/citationMap

Visualize the citation network between articles by python and echarts.

Primary LanguagePythonMIT LicenseMIT

Citation map visualization tool

This project is aimed at make a citation map visualizing tool, which can visualize the reference/citation relations of articles on PubMed dataset.

Project Structure

./
|-   app.py
|-   citation_map.json
|-   example.PMID.txt
|-   index.html
|-   README.md
|   
\---img
     \--- example.png

Working mode

First, we define three kinds of articles:

  1. Query articles: These articles are user input, and we will use these "Query" to query PubMed dataset.
  2. Reference articles: These articles are "Query"'s reference, in other words, "Query" articles cited these articles.
  3. Citation articles: These articles are "Query"'s citation, in other words, "Query" articles are cited by these articles.

Right now we can extract "Reference" from Pubmed, and in the future we will extract "Citation" articles as well

When user input a list of articles' PMID(this is important! the input should be PMID), we will make a query to PubMed by its web API, and get a report in XML format. Then we will parse this XML report and generate a .json file, which contains information of graph nodes(article) and graph edges(citation relation). Finally, we will use Echarts to visualize this citation map graph. The final report is in .html format , and you need to open your browser to read and interact with it.

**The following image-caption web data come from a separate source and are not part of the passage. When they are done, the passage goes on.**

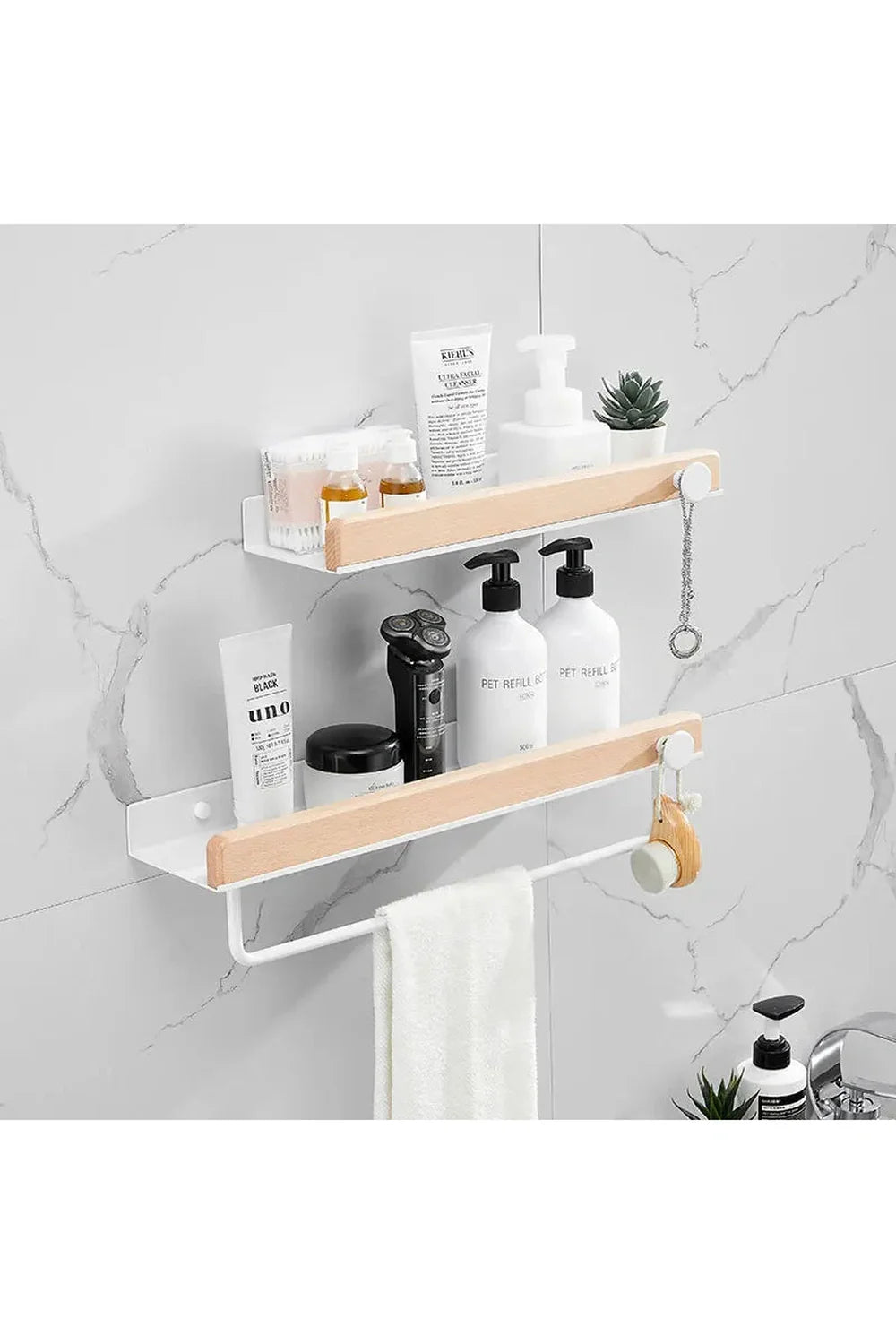 Lisslune | Wood Accent Wall Shelf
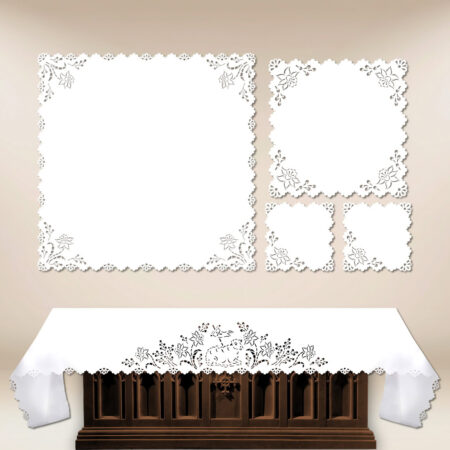 Ażurowy komplet na ołtarz do kościoła "Wielkanocny"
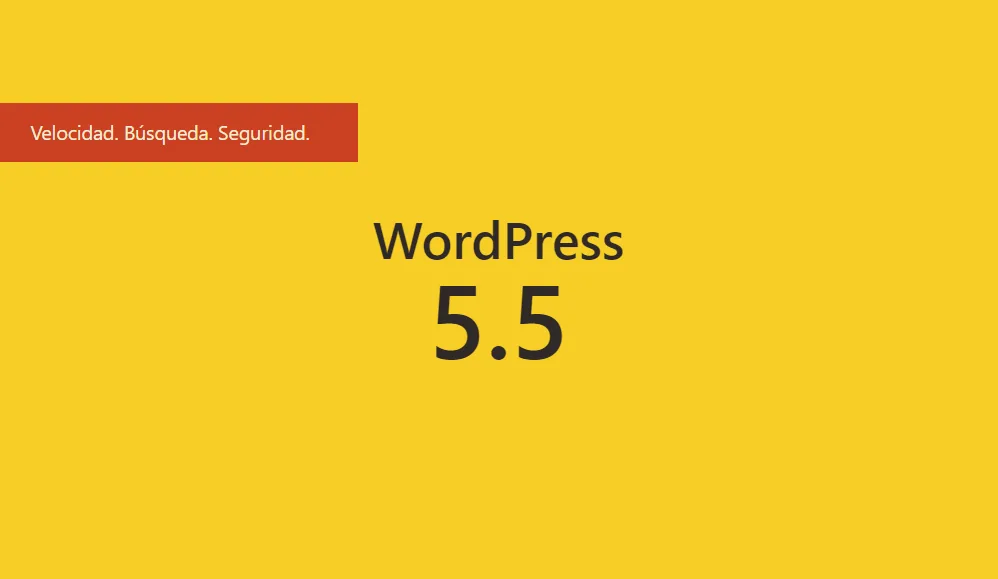Pantalla de bienvenida de WordPress 5.5
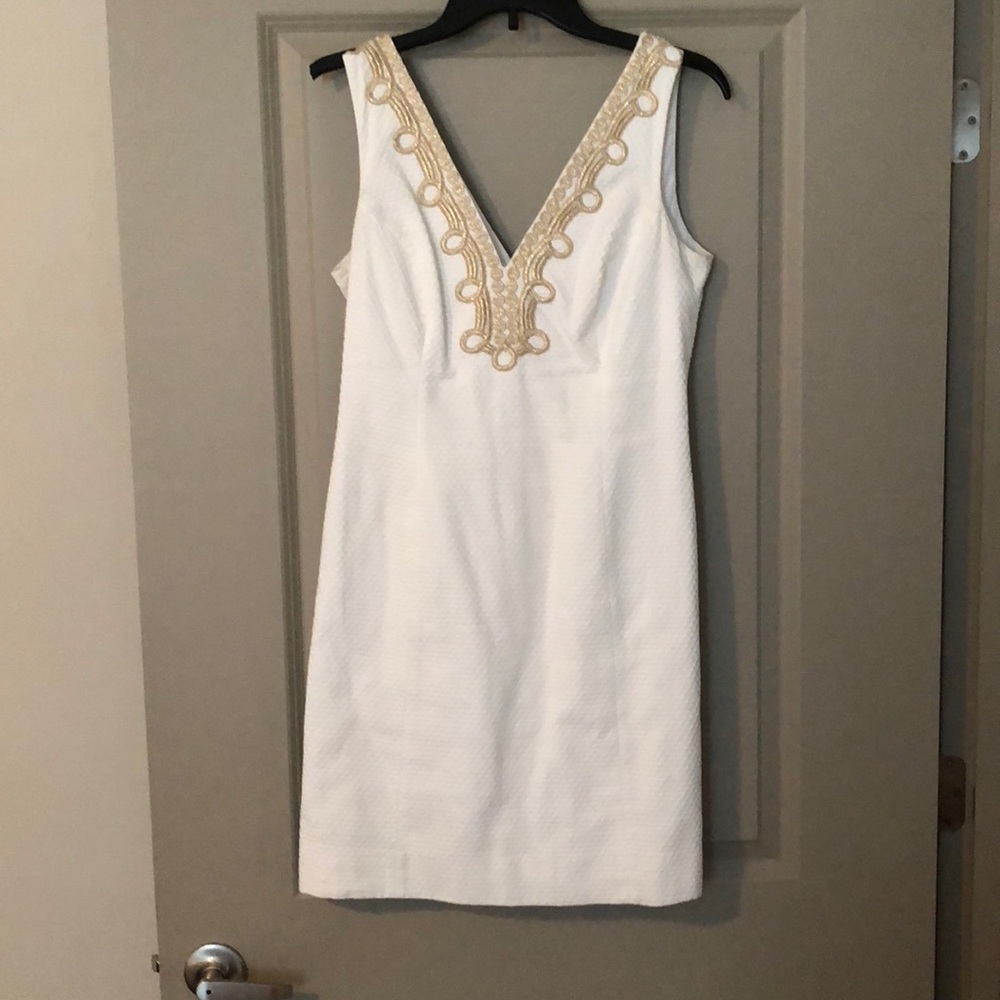 White Lilly Pulitzer dress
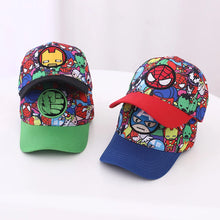 Lade das Bild in den Galerie-Viewer, Tolle Baseball Mützen für Kinder Iron Man Spiderman Hulk Captain America
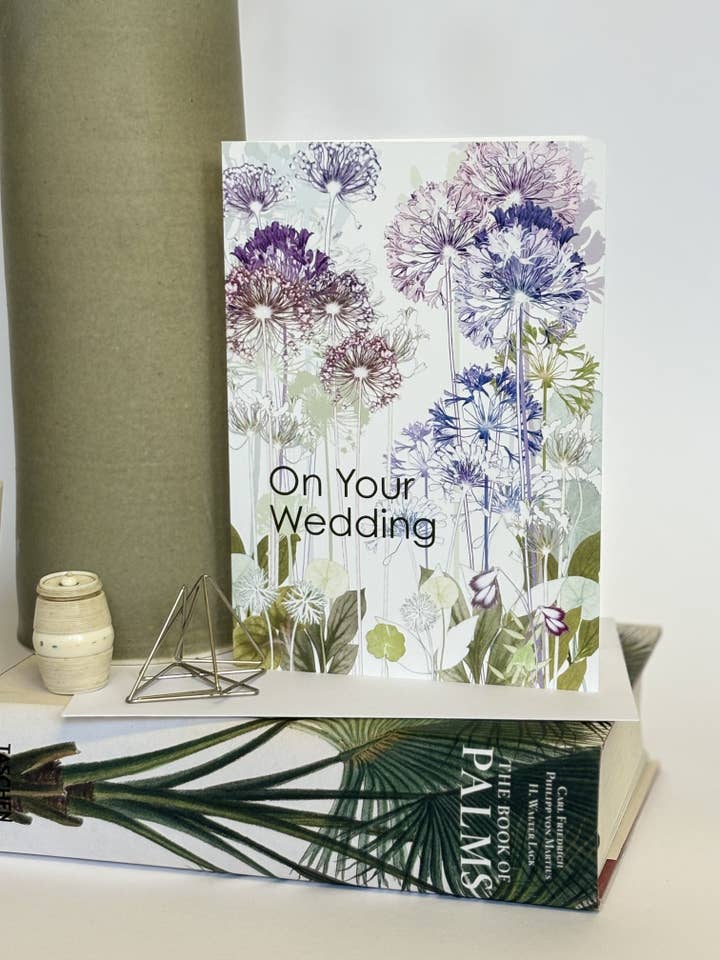 On Your Wedding Greetings Card for wholesale by Amanda Ross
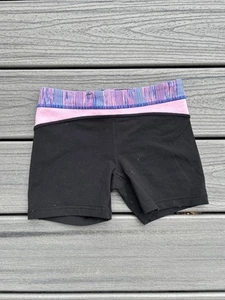 Iviva by Lululemon Girl’s Sz 8 Shorts ~Black/Pink~ - Picture 1 of 6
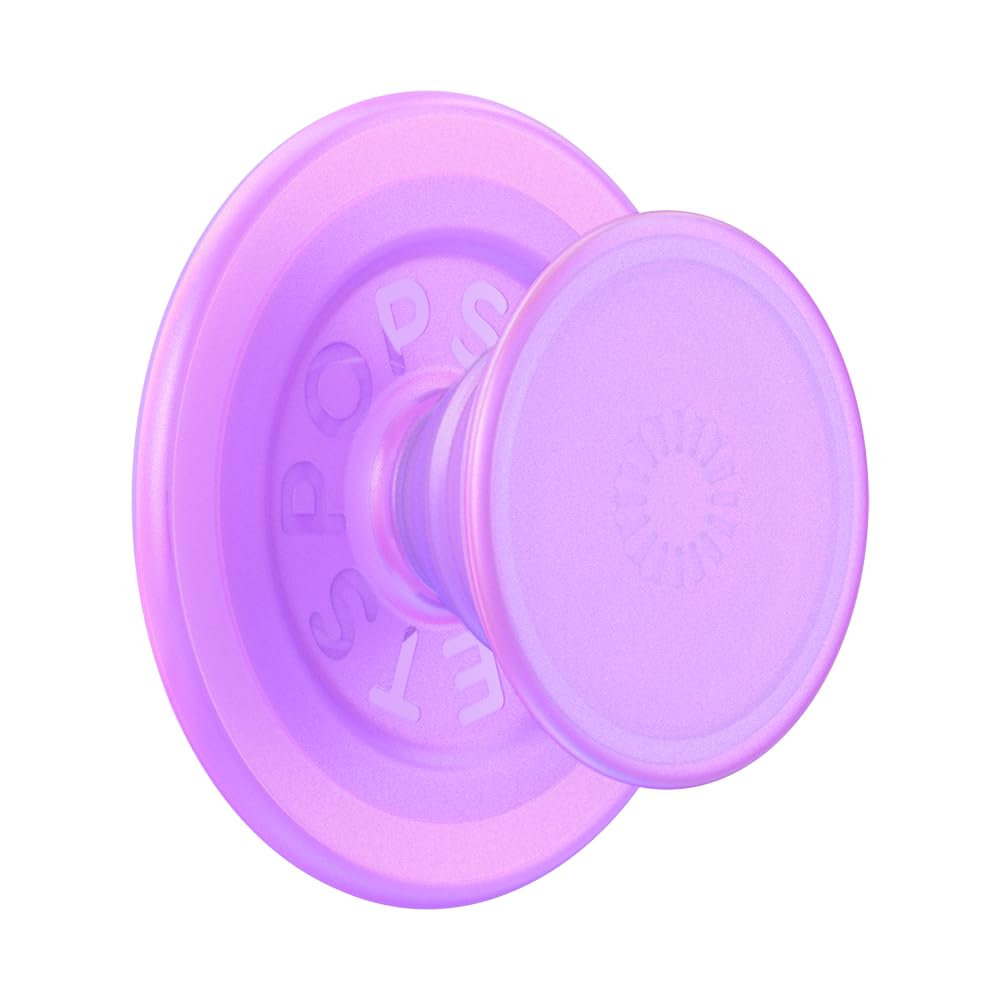 PopSockets Mobile Phone Grip for MagSafe, Magnetic Holder, Mobile Phone Stand, Pink - Opalescent Pink - 806892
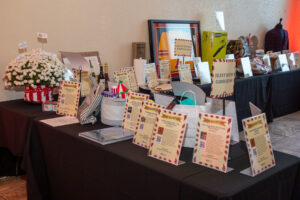 Silent auction table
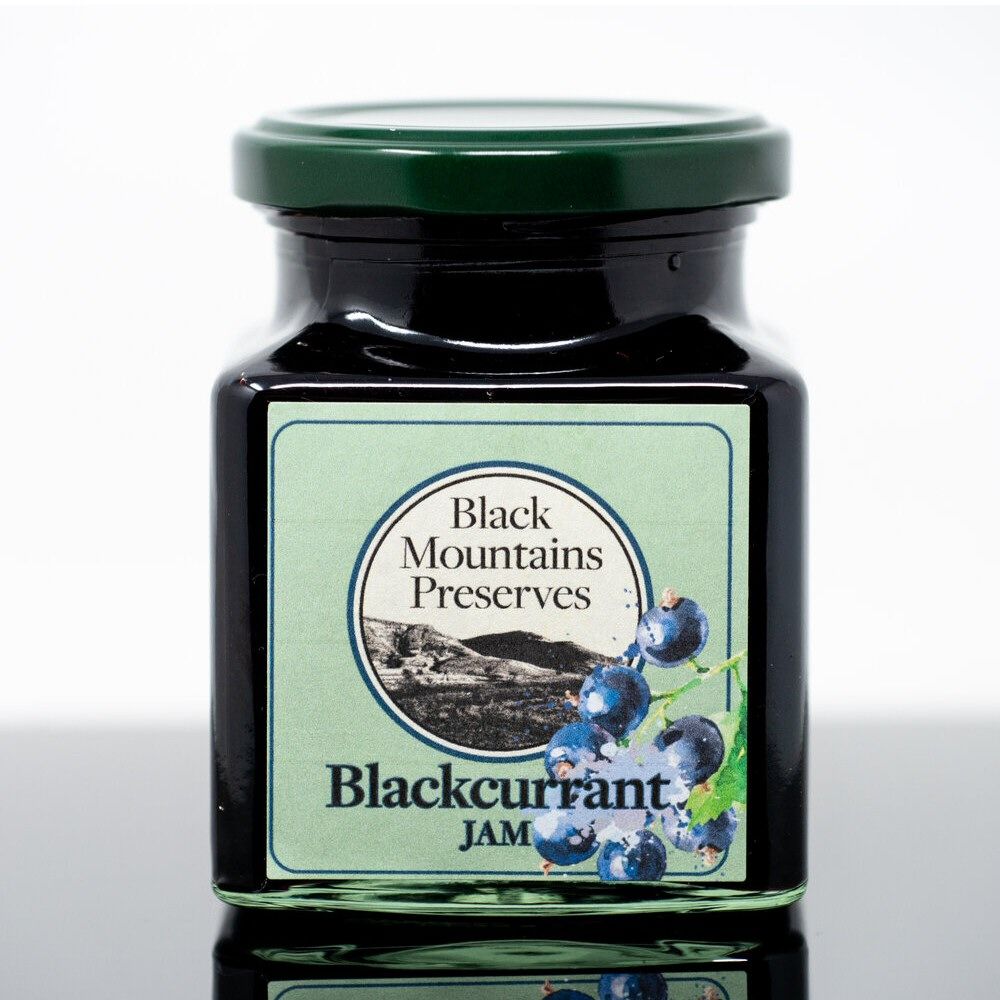 Black Mountain Preserves Blackcurrant Jam 280g - Old Railway Line Garden Centre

Installation and requirements

All requirements:

This program don't need installation; just download these file is enough.

Usage

The build-in help text is:

usage: app.py [-h] [-f FILE | -l LIST] [-m MAX] [-p PORT]

optional arguments:
  -h, --help            show this help message and exit
  -f FILE, --file FILE  PMID list file.
  -l LIST, --list LIST  PMID list(comma seperate).
  -m MAX, --max MAX     Max limitation of query article number. Default is 10.
  -p PORT, --port PORT  Network port of the report server. Default is using
                        random number.

To use this program, first you need to prepare a list of PMIDs. You can storage them into a seperate text file, or just copy to the clip-board. Then you open a terminal and switch working directory to where you download this project. You have two method to launch this program:

1. load pmid list from text file

This method will load pmids from a seperate text file. in that text file, each id occupies a separate row, and there should no blank before pmid.

Example:

24651067
32286628
32184769
31606751

PMID list file also can contain comment text, but comment text should start with a "#" character.

Example:

# These articles are some studies about CRISPR-Cas9 technology
24651067 # Hum Mol Genet. 2014 Sep 15;23(R1):R40-6.
32286628 # Nucleic Acids Res. 2020 May 21;48(9):4698-4708.
32184769 # Front Microbiol. 2020 Feb 28;11:282.
31606751 # Hum Genet. 2019 Dec;138(11-12):1217-1225

The above PMID list file names example.PMID.txt, and is storaged in current directory. Then use the following command to launch the program:

python ./app.py -f ./example.PMID.txt

The program will load PMID list and get citation relation from PubMed web API. You will see the output as below:

~$ python ./app.py -f ./example.PMID.txt
Max limitation of query article number is 10.
https://eutils.ncbi.nlm.nih.gov/entrez/eutils/efetch.fcgi?db=pubmed&id=24651067,32286628,32184769,31606751
Default port number will be set.
The report is serving at port 15501.
Please open the following URL to check report:  http://localhost:15501
To stop web server, Press `Ctrl+C`
127.0.0.1 - - [12/Dec/2023 21:10:40] "GET / HTTP/1.1" 200 -
127.0.0.1 - - [12/Dec/2023 21:10:41] "GET /citation_map.json HTTP/1.1" 200 -

You can open your web browser and access the URL which is mentioned in the output.

example

2. load pmid list from command line

This method will load pmids from command line. in this method, the argument -l will be used. You should provide a comma seperate-PMID list, like this:

python ./app.py -l 24651067,32286628,32184769,31606751

The output is the same as above method.

Pitfalls

  1. Due to the limitation of PubMed web API, some articles' reference list cannot load correctly. Therefore, the report cannot display all citation relationships.
  2. Current version of this program only can display reference network. In the future we will support citation network.
  3. If input too much articles into program, the render on the web browser will be very slow. Recommend input is less than 10 articles. In the future we will support node pruning, which will remove some low citation/reference articles.